Reform in Mathematics Teaching
Mathematics instruction changes as a reflection of what society deems to be valuable in terms of the skills and knowledge needed to be successful in the workplace. The Progressive movement of the 1920's was widely influenced by John Dewey's ideas that schooling should be largely directed toward children's experiences and interests. Although this has good intent and justification, in 1940's tracking in mathematics emerged as means to steer students toward mathematics courses. As a result of tracking there was a sharp decline in the percentage of high school students taking algebra-from 57% in 1905 to about 25% in the late 1940's and early 1950s (Jones & Coxford, 1970).

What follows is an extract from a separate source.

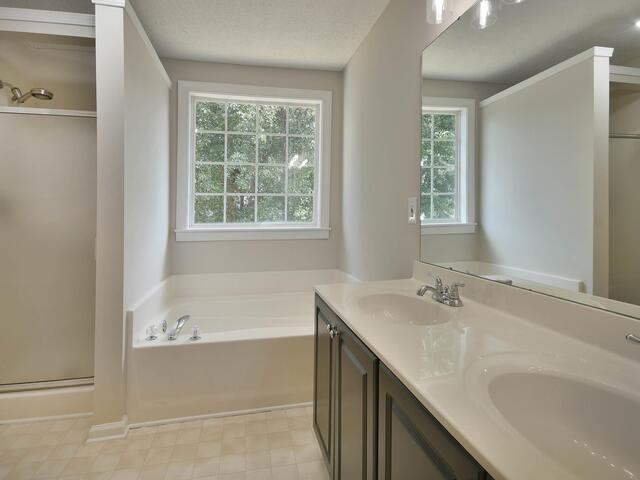 Photo of 614 Fairview Lake Way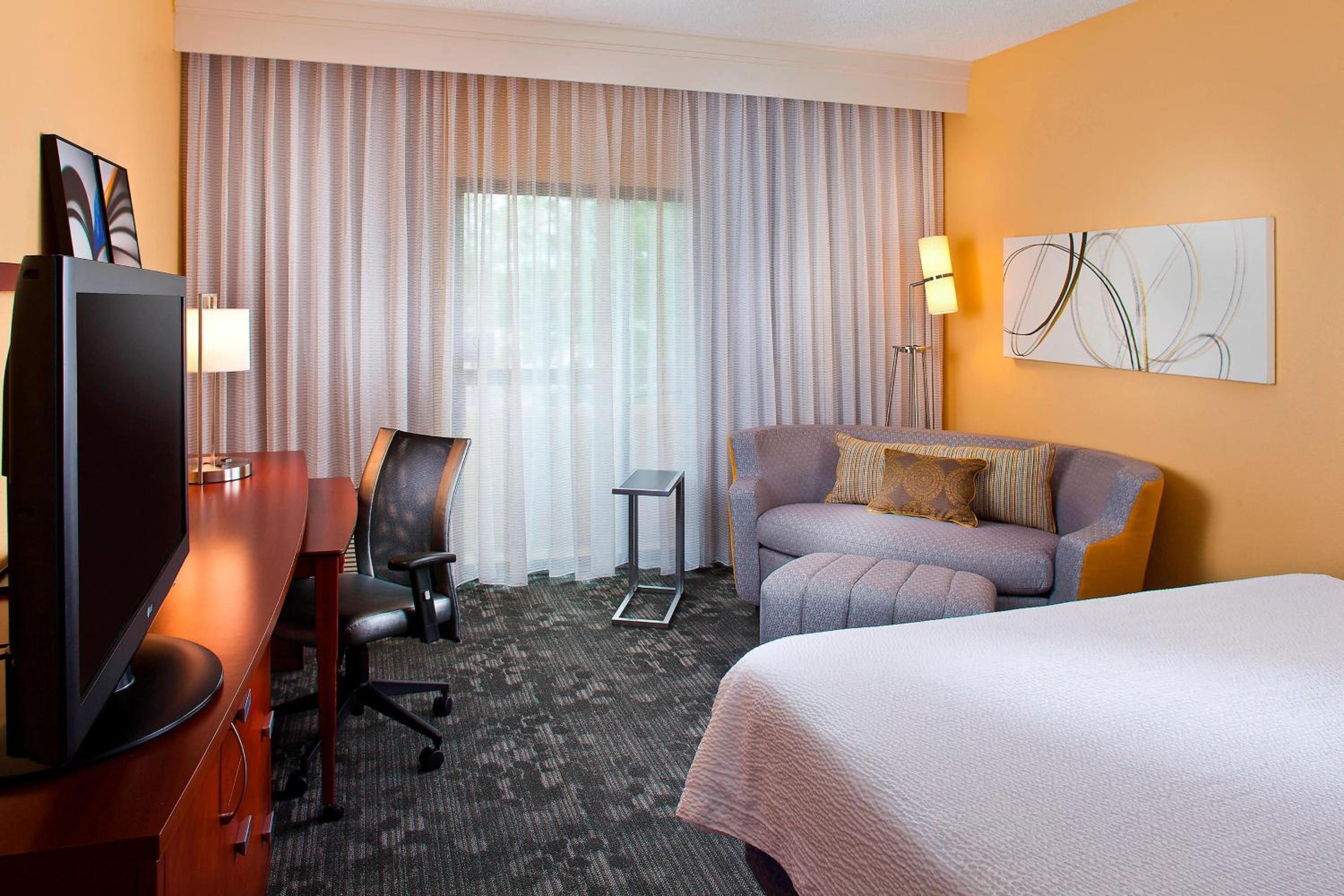 Room at Courtyard Huntsville University Drive, HUNTSVILLE - AL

Delivery of instruction is also contingent upon the reaction of perceived shortcomings of previous movements. The "Back to Basics" (1970's) approach which focuses upon a skill and drill approach to instruction, was in response to the failings of "New Math" (1950's) which focused on advanced mathematics and was often developed by mathematicians who focused on higher level mathematics.
Currently we see the focus of mathematics on higher order thinking and 21st century skills with a focus on conceptual understanding more so than procedural. Content knowledge expectations are clarified by grade level standards and there is a spiriling of curriculum so that students have content knowledge that is in greater depth than breath. As schools and districts move toward the Common Core standards, instruction must change too ensure the emphasis is on what students understand more so than what they can do. And as we enter another pardigm shift in mathematics it is unknown what shortcomings await and what new challenges will emerge.
According to Philipp, (2011) "the challenge is no longer how to get mathematics into students, but instead how to get students into mathematics". How will you address this challenge and meet the expectations of the newest reform in mathematics?